Here in the UK, political turbulence and the merry-go-round of ministerial appointments seem to have abated and we hope the new incumbents will be receptive to our business concerns, notably retaining free and fair trade without restrictions and giving positive recognition to our industry’s unique contribution to the UK’s net-zero and circularity ambitions.
As predicted, non-ferrous merchants confirm that December did not deliver the usual pre- holiday flurry of business. But merchants and traders have reported a positive start to 2023, with the first three weeks of trading being above average. The sharp rise in LME prices was partially responsible for that.
There continues to be reasonable demand globally for all UK non-ferrous grades - the only exception being aluminium extrusion which, some traders are saying, is currently difficult to place in the UK and Europe.

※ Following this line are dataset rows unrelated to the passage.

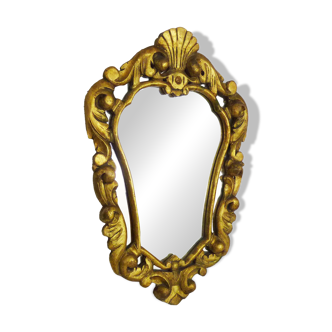 Old wall mirror in wood and gilded stucco with shell decoration, Louis XV style pediment mirror
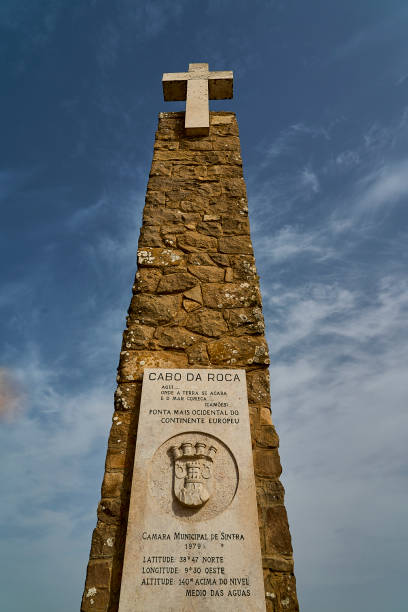 istock stone cross at the rugged rocky coastline at cabo da roca. 2185318574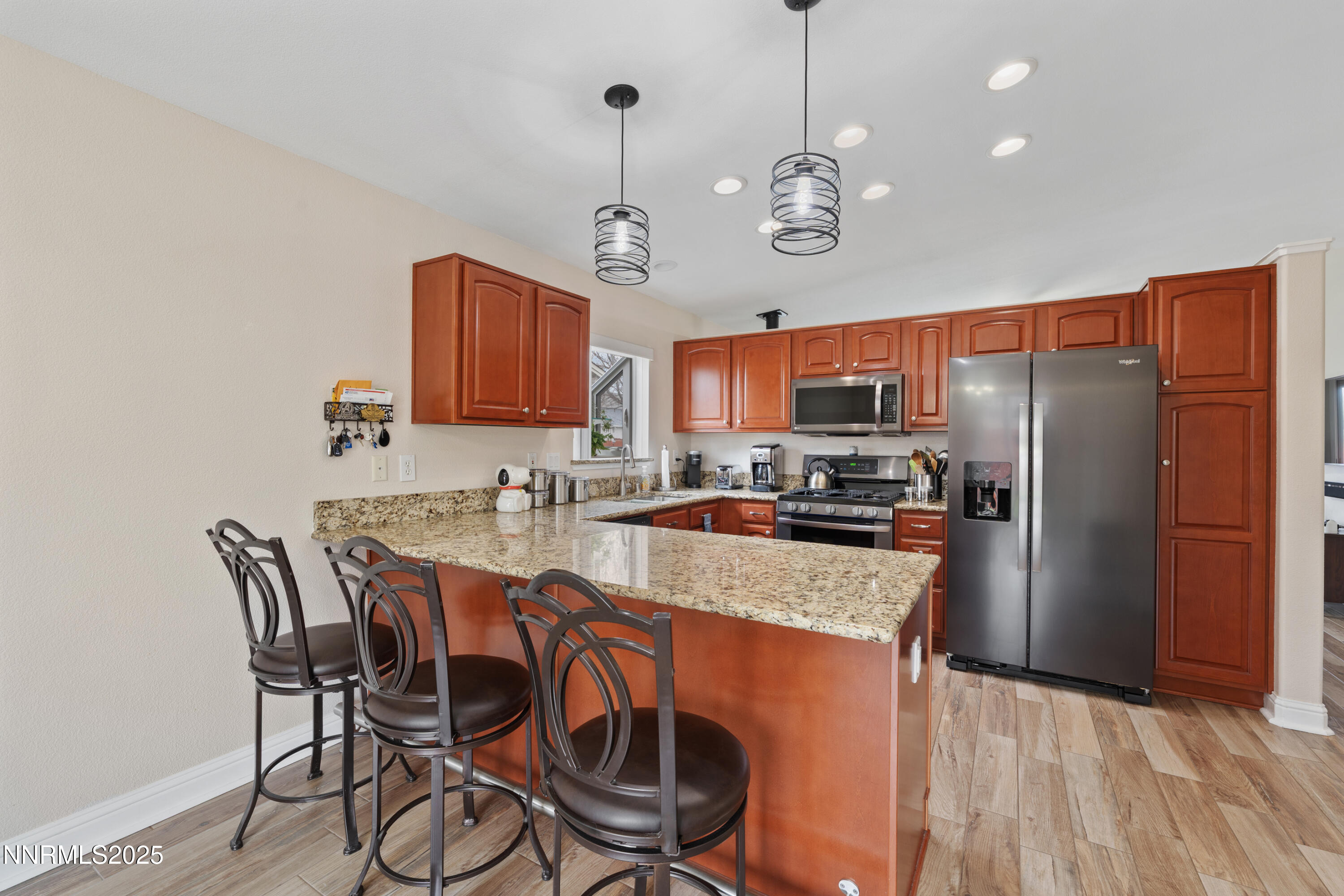 17785 Fortune Court Reno, NV 89508 - Photo 14 of 43 a kitchen with stainless steel appliances granite countertop a refrigerator a stove a sink dishwasher a dining table and chairs with wooden floor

This fall in demand is likely due to the huge increase in energy costs and order books not being as strong as consumers would like.
The Confederation of British Industry’s latest industrial trends survey shows that the UK manufacturing sector reported stable output in the quarter to January following a small decline in the quarter to December. But this output was due manufacturers tackling work backlogs rather than increasing order volumes. Cost and pricing pressures remain high in manufacturing but are showing signs of easing. Looking ahead, manufacturers expect new orders and output volumes to increase in the next three months.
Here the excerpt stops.